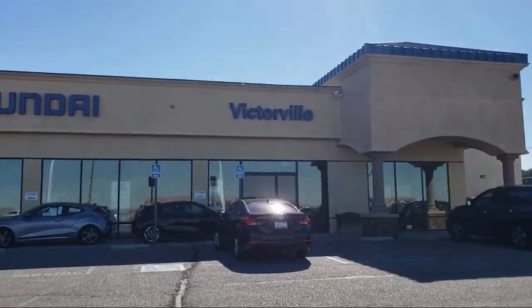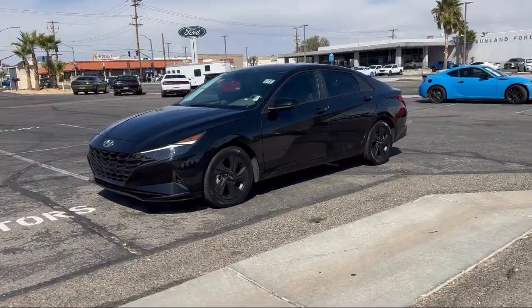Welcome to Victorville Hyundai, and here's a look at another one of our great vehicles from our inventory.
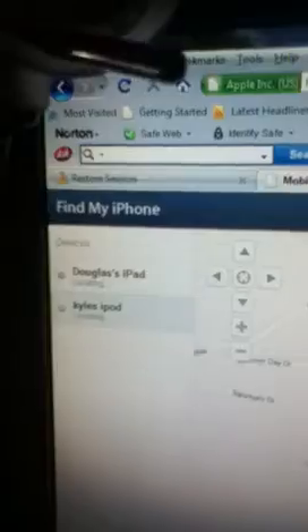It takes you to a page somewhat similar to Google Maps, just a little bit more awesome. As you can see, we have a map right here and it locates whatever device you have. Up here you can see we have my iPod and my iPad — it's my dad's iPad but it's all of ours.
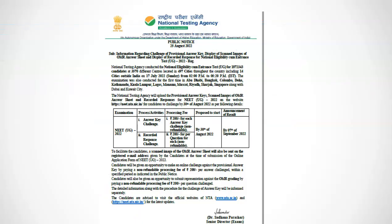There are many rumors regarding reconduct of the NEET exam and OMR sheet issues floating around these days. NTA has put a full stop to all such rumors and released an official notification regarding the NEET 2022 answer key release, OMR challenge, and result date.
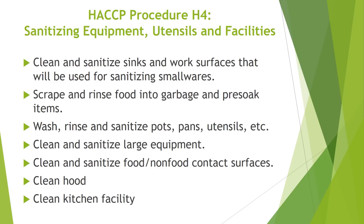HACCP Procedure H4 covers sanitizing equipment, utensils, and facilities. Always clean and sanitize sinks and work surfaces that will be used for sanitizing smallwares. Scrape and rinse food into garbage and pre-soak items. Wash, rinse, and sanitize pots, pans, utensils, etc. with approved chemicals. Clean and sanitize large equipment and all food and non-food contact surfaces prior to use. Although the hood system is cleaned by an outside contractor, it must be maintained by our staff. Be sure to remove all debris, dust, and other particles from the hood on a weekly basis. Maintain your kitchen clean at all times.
...
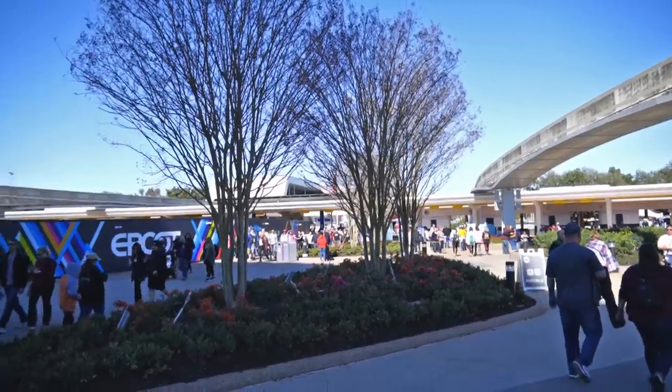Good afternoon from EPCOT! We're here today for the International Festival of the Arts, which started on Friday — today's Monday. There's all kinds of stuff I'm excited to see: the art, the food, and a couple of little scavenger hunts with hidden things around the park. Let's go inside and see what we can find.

**TASK OBJECTIVE**
Using the data above, set down each line from the line with "Welcome to Victorville" to the line with "HACCP Procedure H4" exactly, both ends included, and leave the pictures behind. Nothing else belongs.

**YOUR RESPONSE**
Welcome to Victorville Hyundai, and here's a look at another one of our great vehicles from our inventory.
It takes you to a page somewhat similar to Google Maps, just a little bit more awesome. As you can see, we have a map right here and it locates whatever device you have. Up here you can see we have my iPod and my iPad — it's my dad's iPad but it's all of ours.
There are many rumors regarding reconduct of the NEET exam and OMR sheet issues floating around these days. NTA has put a full stop to all such rumors and released an official notification regarding the NEET 2022 answer key release, OMR challenge, and result date.
HACCP Procedure H4 covers sanitizing equipment, utensils, and facilities. Always clean and sanitize sinks and work surfaces that will be used for sanitizing smallwares. Scrape and rinse food into garbage and pre-soak items. Wash, rinse, and sanitize pots, pans, utensils, etc. with approved chemicals. Clean and sanitize large equipment and all food and non-food contact surfaces prior to use. Although the hood system is cleaned by an outside contractor, it must be maintained by our staff. Be sure to remove all debris, dust, and other particles from the hood on a weekly basis. Maintain your kitchen clean at all times.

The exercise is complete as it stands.